Updated: July 22, 2021 10:19:02 am
Despite the rising coronavirus cases in Japan and around the world, the Olympics are going ahead. After a year-long postponement, the Games will be held largely without spectators. This raises an important question: Why is Tokyo desperate to host the Summer Games?
Tokyo Olympics: What is at stake?
These are said to be the most expensive Olympics in history, and the year-long delay has only added to the budget. The organising committee puts the cost at $15.4 billion. If the Games are not held, all the money invested will go down the drain. Most of the IOC’s sponsors are with it for the long term, but they may have asked for rebates if there were no Games. The TV rights money is also a big factor in staging the Games during the pandemic. According to The New York Times, IOC may have to refund around $4 billion if the event is not held.
If the number of athletes testing positive goes up, will the Games be called off?
Difficult to say. On Tuesday, the organising committee for the first time hinted that it may have to take a call on the Games if cases in Tokyo and elsewhere keep rising. “What would happen if the infection were to spread further — well, I think when that happens we have to fully consult,” the committee’s CEO Toshiro Muto said. “The infection may spread, or the infection may be brought under better control. When we see a concrete situation going forward, then we will consider the matter.”

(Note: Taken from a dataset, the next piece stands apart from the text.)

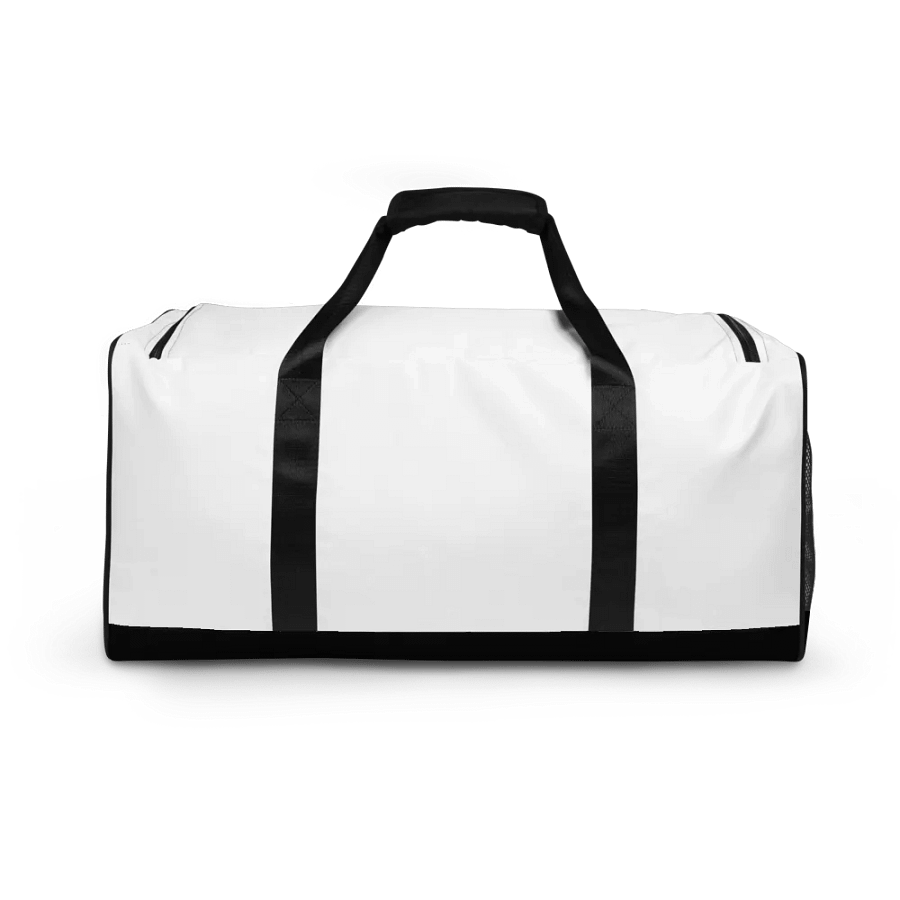 Caution Heavy Lifter Ahead-Barbell Zone Duffle Bag product image (7)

The total number of Games-related Covid cases rose to 75 on Wednesday. A Chilean taekwondo player and Dutch skateboarder were ruled out after testing positive. IOC president Thomas Bach had recently claimed that there was “zero risk” of athletes transmitting the virus to each other or local residents.
If we look at other big events around the world, the Indian Premier League was suspended in May after a Covid scare with players and staff in four franchises infected. In contrast, the NBA had 48 positive cases within one week of testing before the season, but the league still went ahead. Many cricket series went ahead despite positive cases, some with a slight delay in the original schedule.
The recent European Championship in football was staged across the continent at stadiums with spectators and fans congregating in the streets. It resulted in a spike in cases in England. The victory parade of the Italian team in Rome may also contribute to a surge.
Are there any domestic political compulsions?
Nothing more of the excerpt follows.